This project is read-only.

New tool for read cluster analysis and filtering (for ddRADseq pipeline, or more general usage)

Oct 1, 2013 at 9:23 AM
Hi everyone, I'm new here :)

I'm a current Software Dev student and this semester I'm working on project with .NET Bio. I'm coming to this as a developer without much bioinformatics/biology background, so any suggestions or input on this project would be most welcome!

Essentially, I'll be working on an add-in to .NET Bio, and possibly also a stand-alone application, capable of processing clusters of read sequences and calculating various metrics from them. The goal is to analyse clusters (produced by a clustering algorithm such as MCL) to determine the likelihood that each read in the cluster comes from the same genetic loci (i.e., determine how accurate the clustering process was).

I'm currently processing SAMAlignedSequences from a BAM file and will be calculating things like the number of haplotypes and genotypes represented in each sample and cluster. Based on this (and potentially on other metrics), as well as the quality score of each read and the number of individuals represented in each cluster, etc., I hope to generate a rating score or scores to indicate for each cluster whether it is "good" or "bad". Based on this rating, "bad" clusters can be filtered out before performing downstream analysis on the data.

As part of a ddRADseq pipeline, the purpose of this project is to improve on the cluster ploidy detection step mentioned in this article.

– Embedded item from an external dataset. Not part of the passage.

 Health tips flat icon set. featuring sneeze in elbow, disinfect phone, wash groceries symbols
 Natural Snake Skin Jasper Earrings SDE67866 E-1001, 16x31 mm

By adding this functionality to .NET Bio, it will be more accessible for others to use, and can perhaps be extended to be useful for a wider range of applications. By posting here, in particular I wondered if anyone has suggestions for other uses a cluster ploidy/accuracy calculation tool could be put to, or if there are any particular metrics you would be interested in seeing included.

I'm looking forward to fun times working on .NET Bio. :)


Project outline (if interested)
Oct 3, 2013 at 8:50 PM
Fun times indeed! Thanks for posting your plans on the forum - and welcome!